Singapore Unbound Awards: Singapore and Other Literatures
These awards are for the best undergraduate critical essays on Singapore and Other Literatures. “For the purpose of these awards, Singapore literature is defined as literature written in English from 1965 onwards by a Singaporean citizen, permanent resident, or anyone with a strong personal and literary association with Singapore. The author does not have to be residing in Singapore nor to have maintained their citizenship. The work(s) discussed may be in any of the literary genres, including but not limited to poetry, fiction, literary non-fiction, drama, and graphic novels.”
Value: S250 each for three essayists
Open for: Undergraduate writers
Deadline: 31 July 2024
Details here.
(See Singapore Unbound’s submission calls here.)

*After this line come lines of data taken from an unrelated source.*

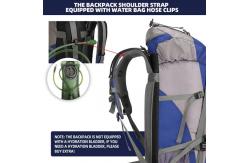 China Outdoor Lightweight Hiking Backpack Tear Resistant With Large Storage Capacity supplier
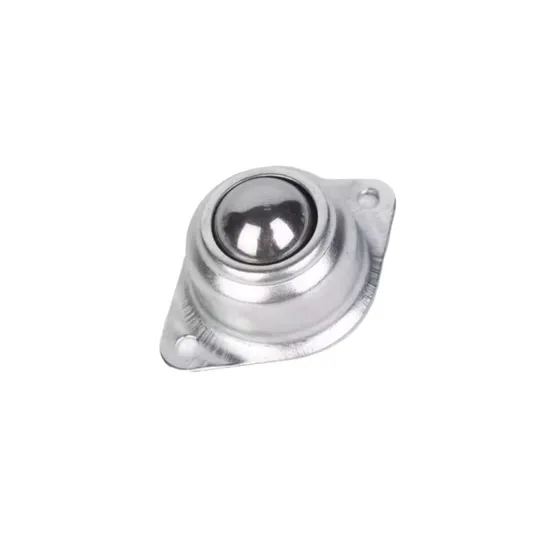 Heavy Duty Universal Base Conveyor Roller Ball Steel Caster Transfer Bearings for Industrial Mining Industrial pictures & photos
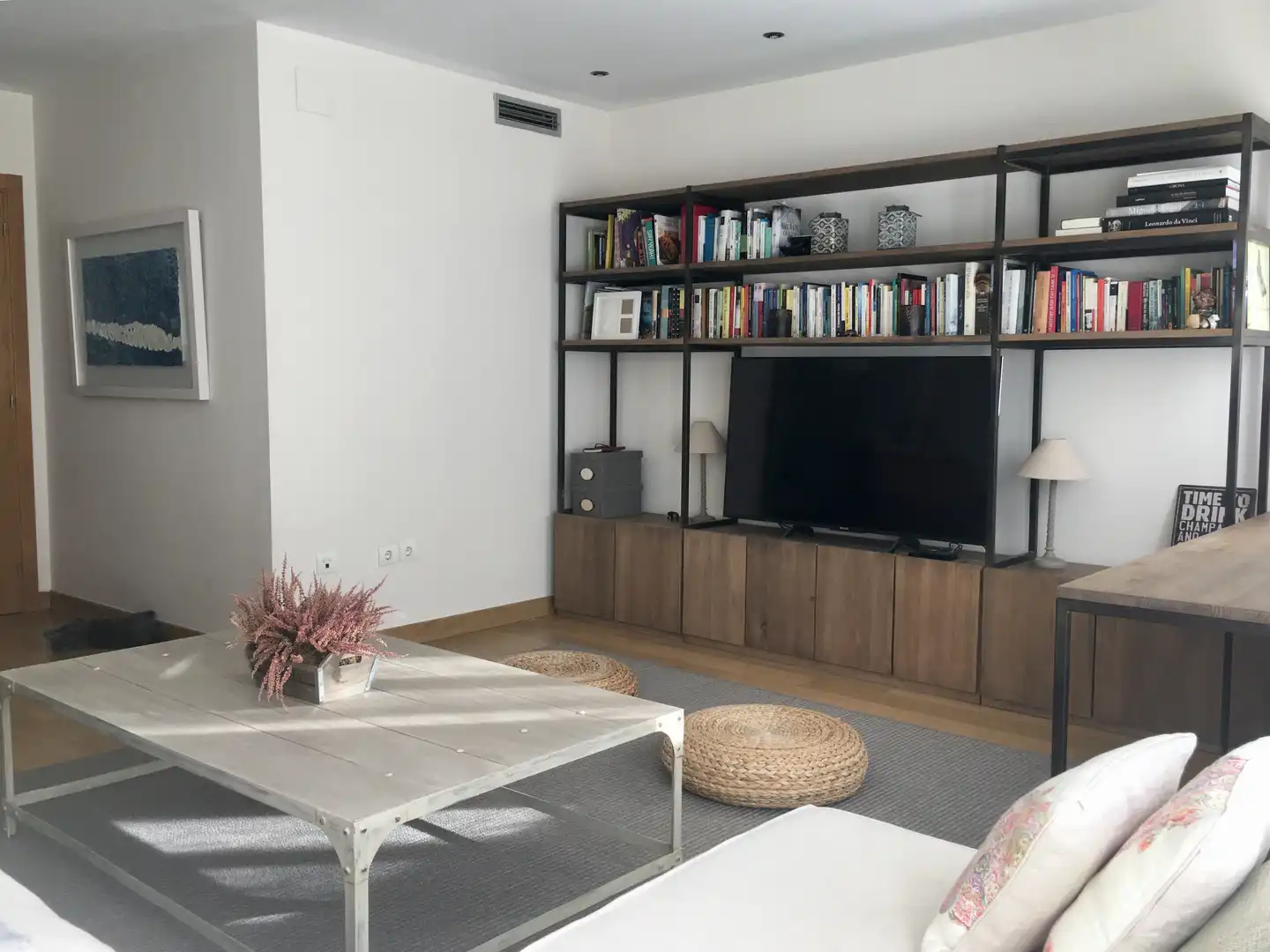 Flat for sale in Passeig de la Universitat, 42, Estación - Universidad Living room of Flat for sale in Castellón de la Plana / Castelló de la Plana with Air Conditioner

Hachette UK: The Future Bookshelf – The Robinson New Voices Award
This is an opportunity for unagented, unpublished, underrepresented writers in the UK, for a popular psychology book. “Hachette UK’s The Future Bookshelf is running the New Voices Award Prize for its second year to help discover unpublished psychology writers from Black, Asian, mixed heritage and multiple ethnic backgrounds, as well as those who are disabled, gender diverse, part of the LGBTQIA+ community or from cultural or religious minorities. … The winner will receive an offer to publish with Robinson including an advance against royalties of at least £5000”. And, judging will be on the originality of the thesis or concept, the logic and credibility of the argument, the rigour of the research, the clarity and accessibility of the writing, the relevance of the topic to general and/or non-academic readers, and the usefulness of the advice.
Value: £5,000 advance, feedback, mentoring, meeting with a literary agent, and more
Deadline: 31 July 2024
Open for: UK-based unpublished and underrepresented writers (see guidelines)
Details here.
(See all of The Future Bookshelf’s opportunities, including for LGBTQ+ writers, here.)

(A couple of contests with later deadlines are:

— The Academy for Teachers – Stories Out of School Flash Fiction Contest:
They want honest, unsentimental stories, of 6-499 words, about teachers and schools. The contest is open to all writers, whether or not they are a teacher. The story’s protagonist or narrator must be a K-12 teacher. Sentimentality is discouraged and education jargon is forbidden. The prize is $1,000, and publication in A Public Space. The deadline is 1 September 2024. Details here and here.

The Writers College – Short Story Competition for Emerging Writers: This is an international fiction contest, open to writers ages 16 and over; send stories of up to 2,000 words. Regarding eligibility they say, “We aim to support beginner writers only. We accept stories from writers who have never been published, or who have been published fewer than four times in any genre.” (See guidelines). The contest theme is, ‘It didn’t have to be this way’. Also, “We accept stories in any genre (literary/horror/sci-fi/fantasy/spec fic). However, literary fiction tends to fare best with our judges.” The prizes are  NZ$1,000, NZ$500, and NZ$250. The deadline is 30 September 2024.
Details here.)



Bio: S. Kalekar is the pseudonym of a regular contributor to this magazine. She can be reached here.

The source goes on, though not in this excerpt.